Caption-style text data
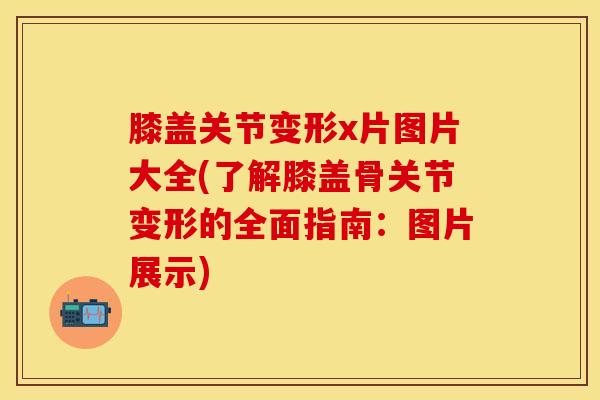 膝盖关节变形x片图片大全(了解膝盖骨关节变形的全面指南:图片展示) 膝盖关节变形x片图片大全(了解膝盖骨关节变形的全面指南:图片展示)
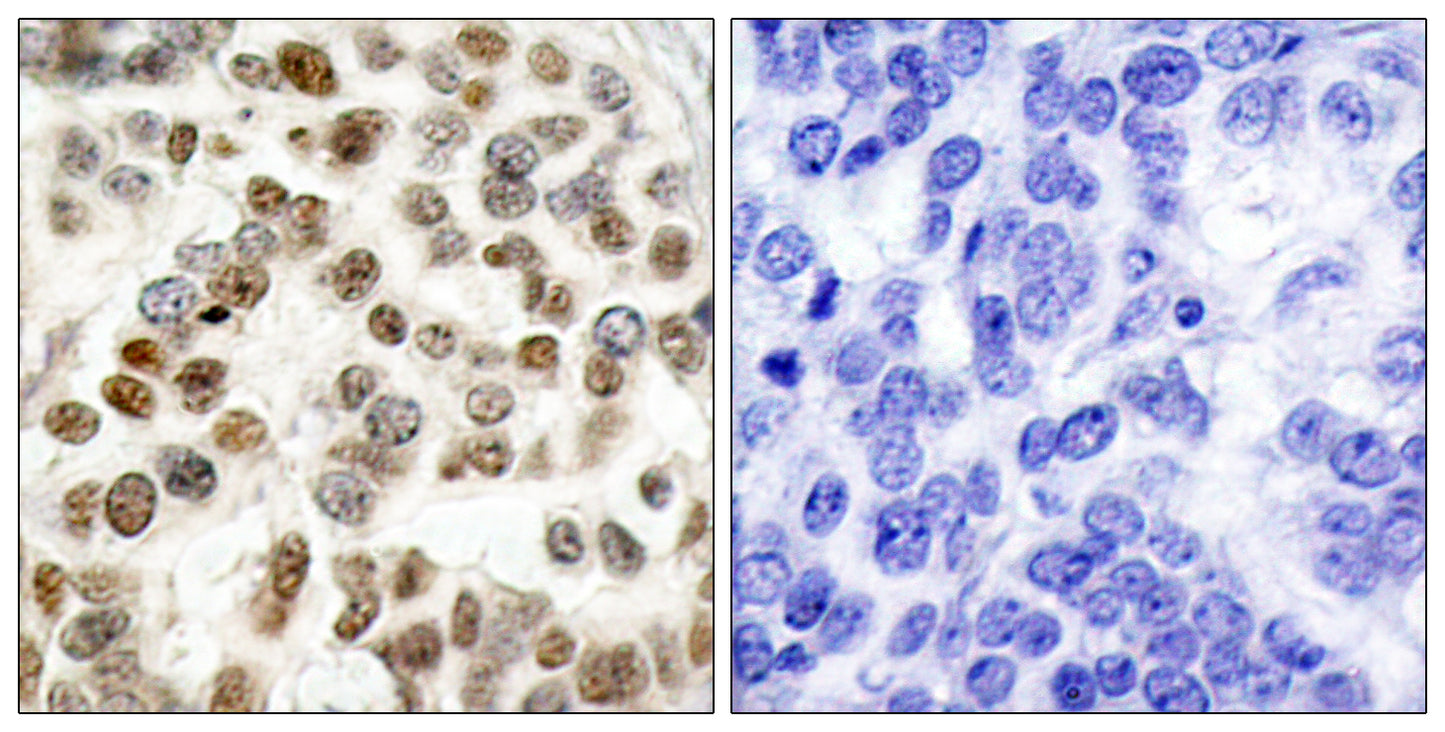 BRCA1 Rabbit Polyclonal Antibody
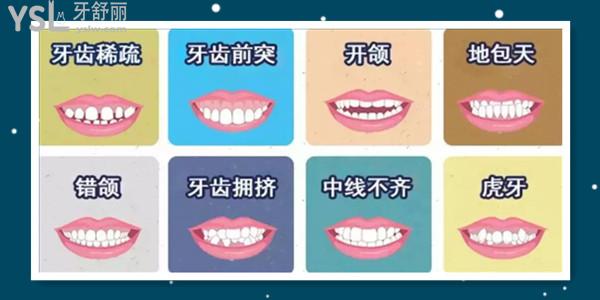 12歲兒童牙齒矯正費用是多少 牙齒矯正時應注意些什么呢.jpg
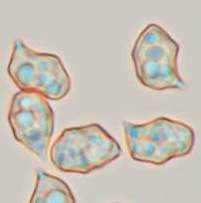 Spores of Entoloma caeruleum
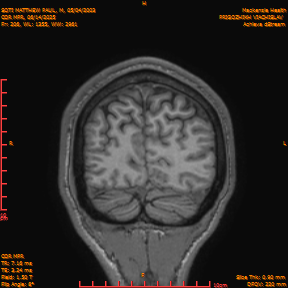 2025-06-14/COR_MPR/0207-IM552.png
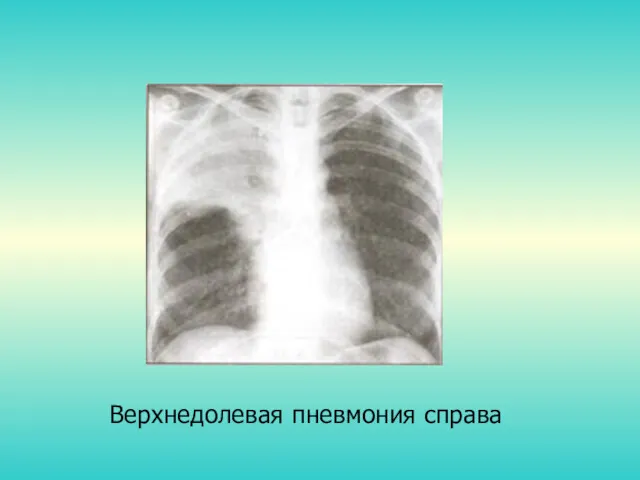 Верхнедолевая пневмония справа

Problem to solve
Retype, without any picture, exactly the lines from the one with "BRCA1 Rabbit Polyclonal Antibody" through the end of the entries, inclusive.

Written answer
 BRCA1 Rabbit Polyclonal Antibody
 12歲兒童牙齒矯正費用是多少 牙齒矯正時應注意些什么呢.jpg
 Spores of Entoloma caeruleum
 2025-06-14/COR_MPR/0207-IM552.png
 Верхнедолевая пневмония справа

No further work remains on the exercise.